# [PROVIDED RECORDS]

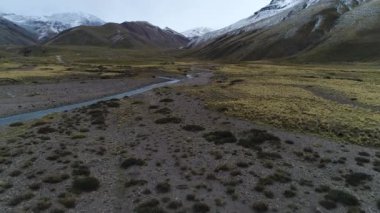 Andes Dağları, Mendoza Cuyo Arjantin hava dron sahne. Patagonya bozkır manzara. Kameranızın tezcan nehrine doğru birkaç at üzerinde yıldız koşma iletir. Campanario dağın karla arka planda. Bulutlu karanlık gün.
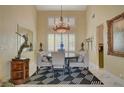 Formal dining area featuring a decorative chandelier, a stylish rug, and ample natural light at 7613 Hackensack Ct, Las Vegas, NV 89128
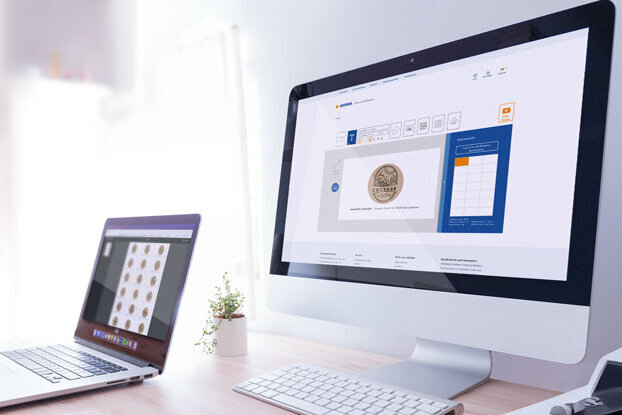 Two computer monitors on a desk, one displaying a user interface, the other showcasing a collection of coins.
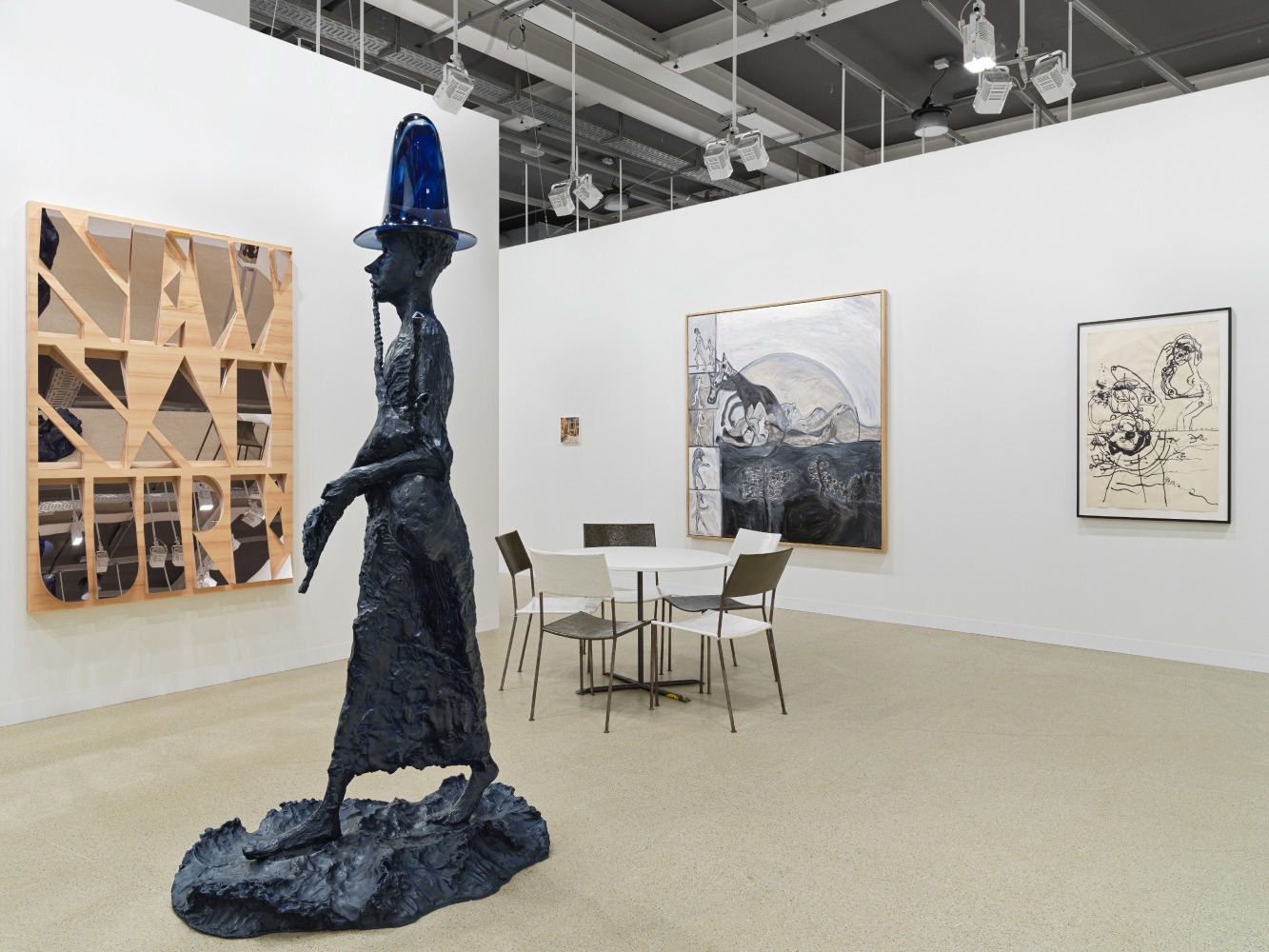 installation view of works by various artists at the Art Basel booth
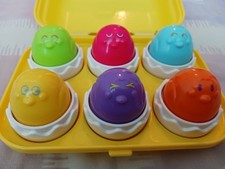 TOMY Hide & Squeak Egg Box
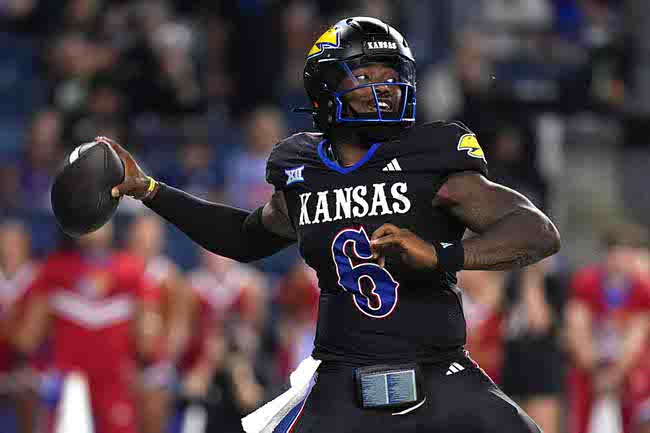 Kansas quarterback Jalon Daniels throws against UNLV in the second half of an NCAA college football game Friday, Sept. 13, 2024, at Children's Mercy Park in Kansas City, Kan. (AP Photo/Ed Zurga)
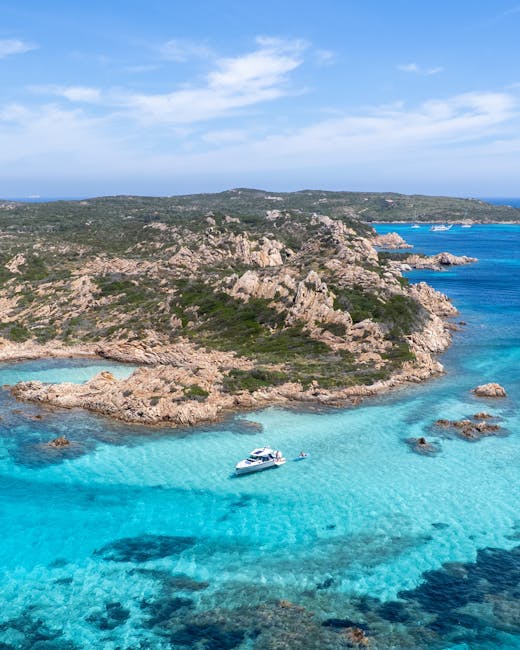 Türkisfarbenes Wasser mit Boot vor felsiger Küste von Sardinien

# [EXERCISE AIM]
Could you write out the records exactly while omitting every picture?

# [WRITTEN REPLY]
 Andes Dağları, Mendoza Cuyo Arjantin hava dron sahne. Patagonya bozkır manzara. Kameranızın tezcan nehrine doğru birkaç at üzerinde yıldız koşma iletir. Campanario dağın karla arka planda. Bulutlu karanlık gün.
 Formal dining area featuring a decorative chandelier, a stylish rug, and ample natural light at 7613 Hackensack Ct, Las Vegas, NV 89128
 Two computer monitors on a desk, one displaying a user interface, the other showcasing a collection of coins.
 installation view of works by various artists at the Art Basel booth
 TOMY Hide & Squeak Egg Box
 Kansas quarterback Jalon Daniels throws against UNLV in the second half of an NCAA college football game Friday, Sept. 13, 2024, at Children's Mercy Park in Kansas City, Kan. (AP Photo/Ed Zurga)
 Türkisfarbenes Wasser mit Boot vor felsiger Küste von Sardinien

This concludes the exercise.